Work task
Output all entries exactly as they appear and skip the pictures.

Exercise inputs
##########

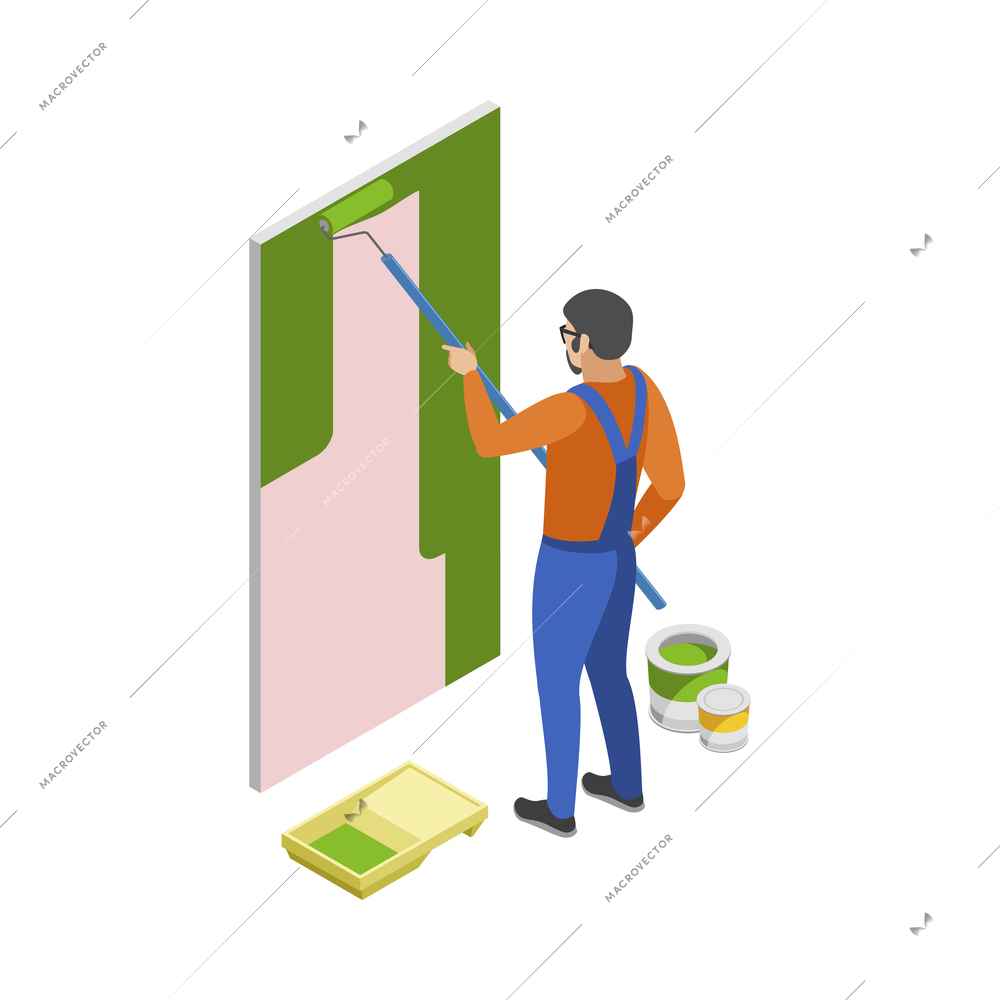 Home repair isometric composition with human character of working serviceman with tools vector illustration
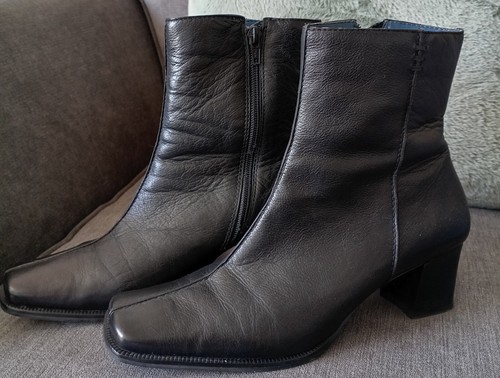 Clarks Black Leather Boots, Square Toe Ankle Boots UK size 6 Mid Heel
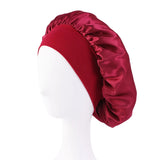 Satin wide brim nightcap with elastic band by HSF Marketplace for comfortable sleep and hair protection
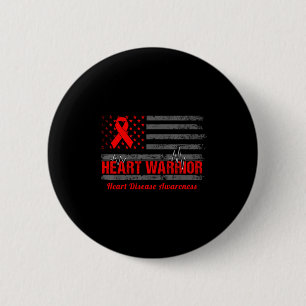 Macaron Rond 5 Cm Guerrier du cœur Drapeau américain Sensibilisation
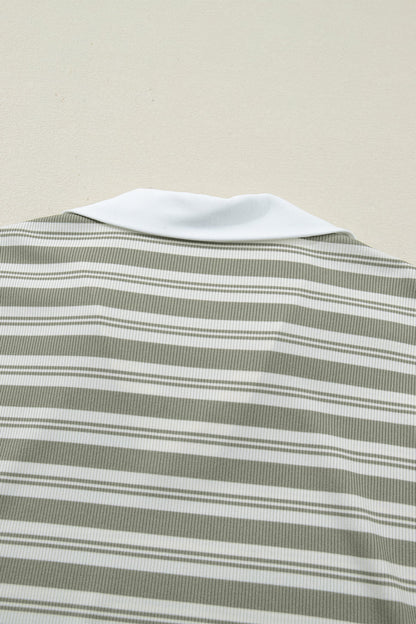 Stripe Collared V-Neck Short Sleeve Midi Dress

##########

Output of the exercise
 Home repair isometric composition with human character of working serviceman with tools vector illustration
 Clarks Black Leather Boots, Square Toe Ankle Boots UK size 6 Mid Heel
 Satin wide brim nightcap with elastic band by HSF Marketplace for comfortable sleep and hair protection
 Macaron Rond 5 Cm Guerrier du cœur Drapeau américain Sensibilisation
 Stripe Collared V-Neck Short Sleeve Midi Dress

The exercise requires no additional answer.